Overview
Statins are among the most widely used drugs. While they were found to be effective for primary and secondary prevention of cardiovascular disease (CVD) in middle-aged subjects, their benefits for primary prevention in older adults (aged ≥70 years) without CVD are uncertain, particularly for those with multimorbidity. To better target adults who may benefit from statins in primary prevention, coronary artery calcium (CAC) measurement is rapidly increasing in clinical use and is recommended for risk re-classification in some guidelines. Older patients with a high burden of subclinical atherosclerosis might benefit from continuing statins to prevent CV outcomes, but this hypothesis has not been rigorously tested in randomized clinical trials (RCTs). To address these questions, the investigators conduct a RCT in 500 multimorbid adults ≥70 years old taking statins for primary prevention who will be randomized to statin continuation vs. statin discontinuation, and measure baseline CAC to determine if the risk of a composite outcome of CV events and all-cause mortality after statin discontinuation differs among those with evidence of subclinical atherosclerosis at baseline as measured by CAC.
Description
Background & rationale: The benefit of statin use for primary prevention is uncertain in older adults with multimorbidity, while harms such as side effects may be more common in this population. Therefore, the 2018 AHA/ACC cholesterol guidelines mention that it may be reasonable to discontinue statins in multimorbid older adults without cardiovascular disease (CVD). To better target adults who may benefit from statins in primary prevention, coronary artery calcium (CAC) measurement is rapidly increasing in clinical use and is recommended for risk re-classification in some guidelines. Older patients with a high burden of subclinical atherosclerosis associated with cardiovascular (CV) risk might benefit from continuing statins to prevent CV outcomes, but this hypothesis has not been rigorously tested in randomized clinical trials (RCTs). To address this question, the investigators conduct a RCT in 500 multimorbid adults ≥70 years old taking statins for primary prevention who will be randomized to statin continuation vs. statin discontinuation, and measure baseline CAC to determine if the risk of a composite outcome of CV events and all-cause mortality after statin discontinuation differs among those with evidence of subclinical atherosclerosis at baseline as measured by CAC.
Specific aim:
To determine if the risk of a composite outcome of CV events and all-cause mortality after statin discontinuation differs among those with evidence of subclinical atherosclerosis at baseline as measured by CAC.
- Design
The study is a multicenter, randomized, non-inferiority trial conducted in multiple centers in Switzerland. Study subjects are randomly assigned in a 1:1 ratio to either discontinue (intervention arm) or continue (control arm) statin therapy. The study is open-label, with blinded outcome adjudication. After inclusion the study participants will be followed with phone calls, first after 3 months and then yearly for a mean of 24 months (min. follow-up period 12 months, max. follow-up period 48 months). Outcomes are assessed at each study follow-up.

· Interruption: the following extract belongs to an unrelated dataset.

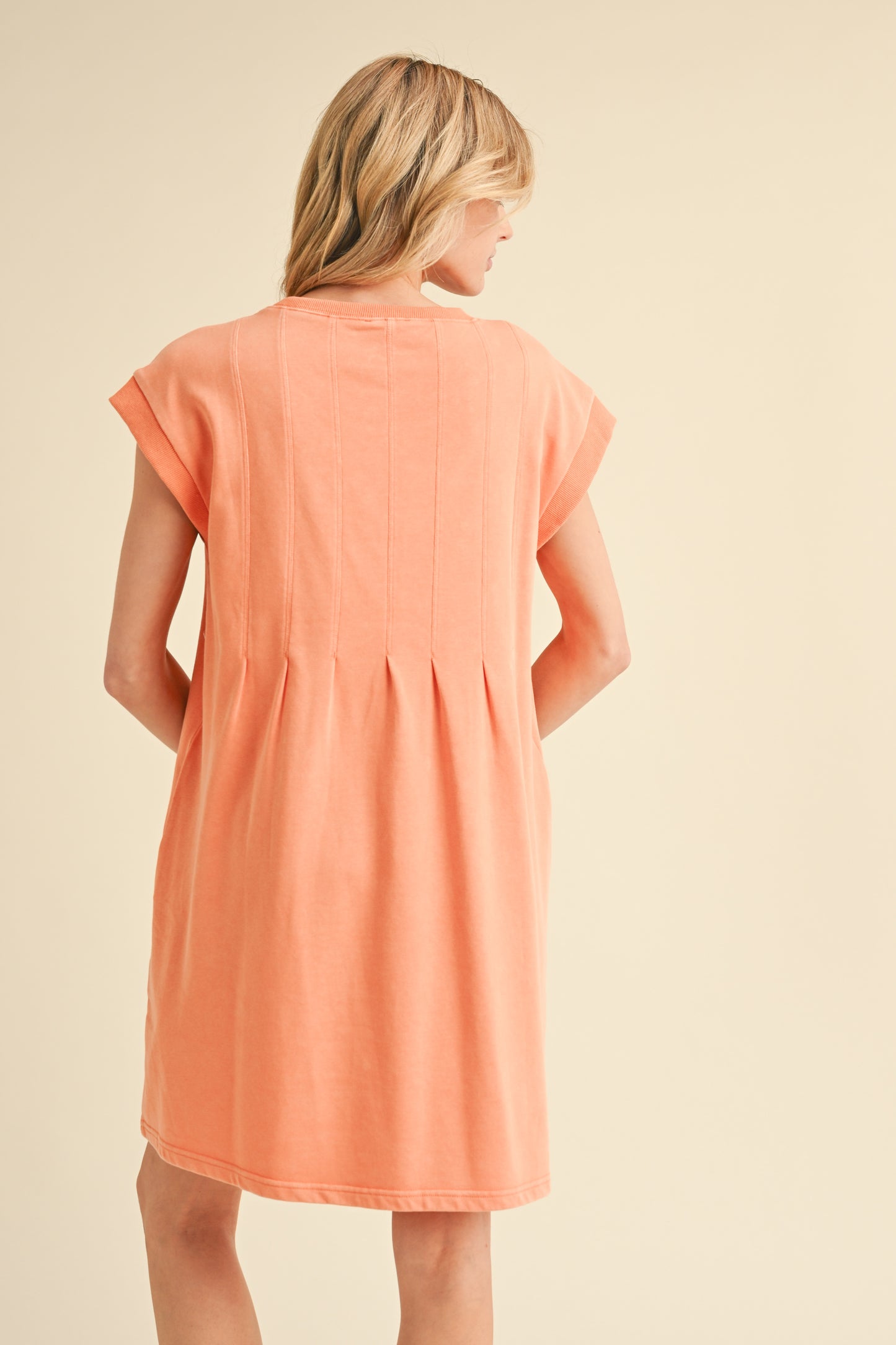 Sunshine Sweetheart Dress (Peach)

The investigators will use baseline native cardiac computed tomography scan to measure CAC to identify participants with subclinical atherosclerosis.
Eligibility
Inclusion Criteria:
- ≥70 years of age
- Multimorbid with ≥2 coexistent chronic conditions (defined by ICD-10 codes) with an estimated duration of 6 months or more based on clinical decision, besides dyslipidemia treated by statins
- Taking a statin for ≥80% of the time during the year before baseline
Exclusion criteria:
- Secondary prevention based on previous large statin trials, defined as:
- History of myocardial infarction type 12 (NSTEMI/STEMI) OR
- History of unstable angina, defined as ACS symptomatic at rest, crescendo or new-onset angina (CCS 2 or 3) without ECG or cardiac biomarker changes (based on available documents) OR
- Stable angina pectoris with a documented ischemia on a stress test or with a significant coronary disease defined as a coronary stenosis >50% OR
- History of percutaneous coronary intervention (balloon or stent) or coronary artery bypass graft OR
- History of ischemic stroke OR
- History of Transient Ischemic Attack, defined as transient neurological deficit without diffusion restriction in MRI OR
- History of carotid revascularization (stent or bypass) OR
- History of peripheral arterial disease requiring revascularization (stent or bypass; Fontaine IV)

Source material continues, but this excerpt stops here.